Hood River County Commissioners were the final of three local agencies to approve a garbage rate increase for next year.

They took action Monday night on the proposal from Waste Connections, Inc. The company runs the Hood River transfer station and provides garbage service to residents within the county, the city of Hood River and the city of Cascade Locks.

Rates go up by 5 percent starting Jan. 1, 2008. Waste Connections District Manager Erwin Swetnam said that rates generally go up by 3 percent each year under a Consumer Price Index factor built into the contract.
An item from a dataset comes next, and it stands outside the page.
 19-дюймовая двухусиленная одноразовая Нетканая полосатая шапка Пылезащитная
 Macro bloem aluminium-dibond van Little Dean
But this year, several costs contributed to the increase.

“The biggest drive behind the request is the increasing cost of fuel,” Swetnam said.
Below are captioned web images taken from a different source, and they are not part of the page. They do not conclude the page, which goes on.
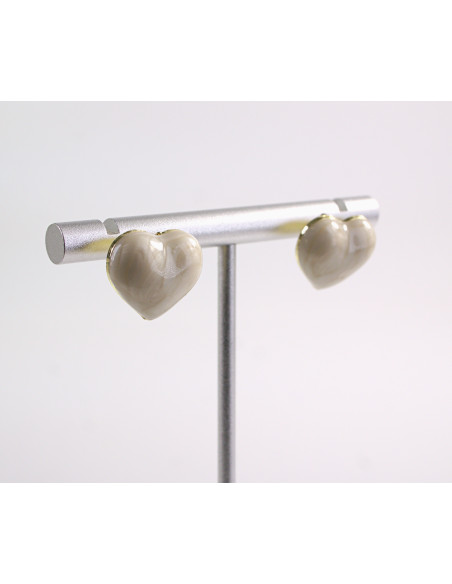 Kolczyki SERCE  MELANŻ SERCA  LOLITA AKCESORIA srebrny sztyft 925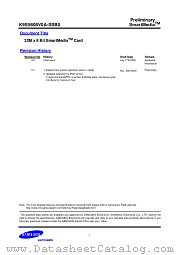 K9S5608V0A datasheet pdf Samsung Electronic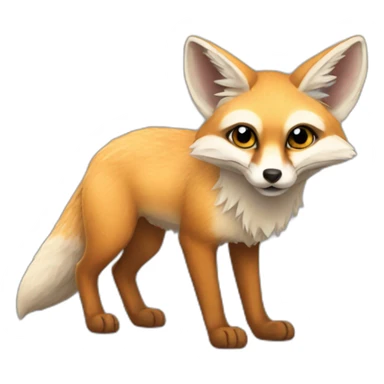 Fennek fox sticker
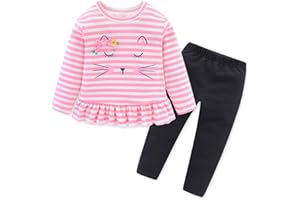BOMDEALS Adorable Cute Toddler Baby Girl Clothing 2pcs Outfits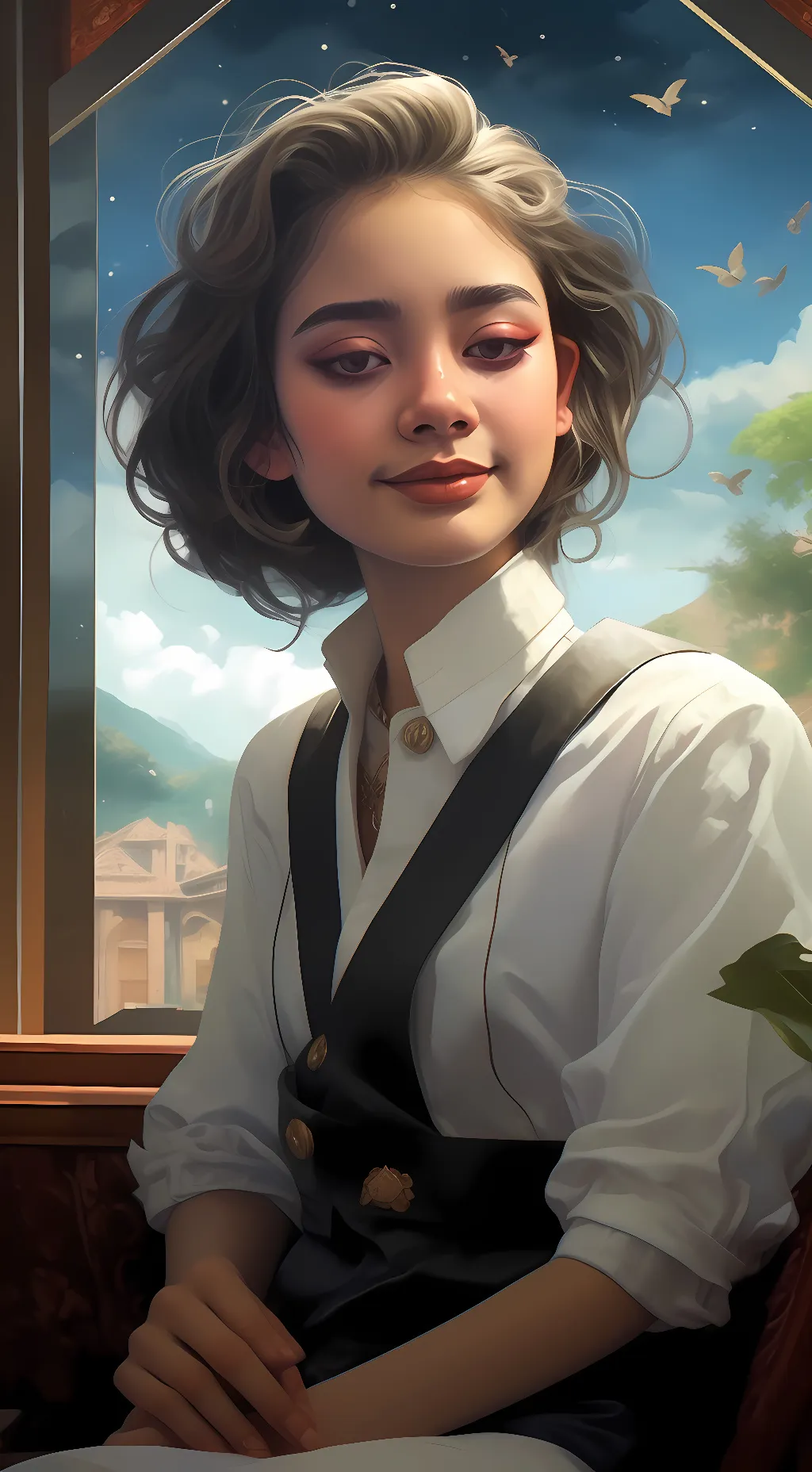 ai character: y background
Waste Connections, Inc. paid an average of $2.45 per gallon of fuel during the first quarter of 2007. That amount continued to climb to $3.10 per gallon of fuel when the contract proposal was submitted and continues to increase.
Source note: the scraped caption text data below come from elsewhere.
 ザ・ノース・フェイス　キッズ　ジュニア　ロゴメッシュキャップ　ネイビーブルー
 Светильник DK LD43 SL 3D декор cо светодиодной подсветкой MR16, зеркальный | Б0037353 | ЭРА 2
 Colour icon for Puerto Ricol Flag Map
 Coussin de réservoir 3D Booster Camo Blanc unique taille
“Today we had fuel delivered and it cost $3.18,” Swetnam said.

The increasing cost of raw materials of steel and petroleum-based products such as the blue recycling bins has also increased during 2007.

Wasco County has a 2 percent landfill increase cost effective Jan. 1, which will pass onto Waste Connections and subsequently Hood River customers as part of the adopted rate increase.

The company is also facing an increase in its health care insurance, and its annual salary increases to employees. A free recycling program has proven so popular that it has also increased costs for Waste Connections.

On Wednesdays, customers can bring yard debris to the transfer station for free. Before 2003, the waste had gone to landfills. Now the company grinds the matter and takes it to the Portland/Vancouver market for compost. The cost to transport it is up $25 per ton.

County Administrator David Meriwether said in the future that may change if the county pursues development of renewable energy.

“Possibly it could be converted to biomass,” Meriwether said.

No one besides Swetnam spoke at the public hearing on the rate increase.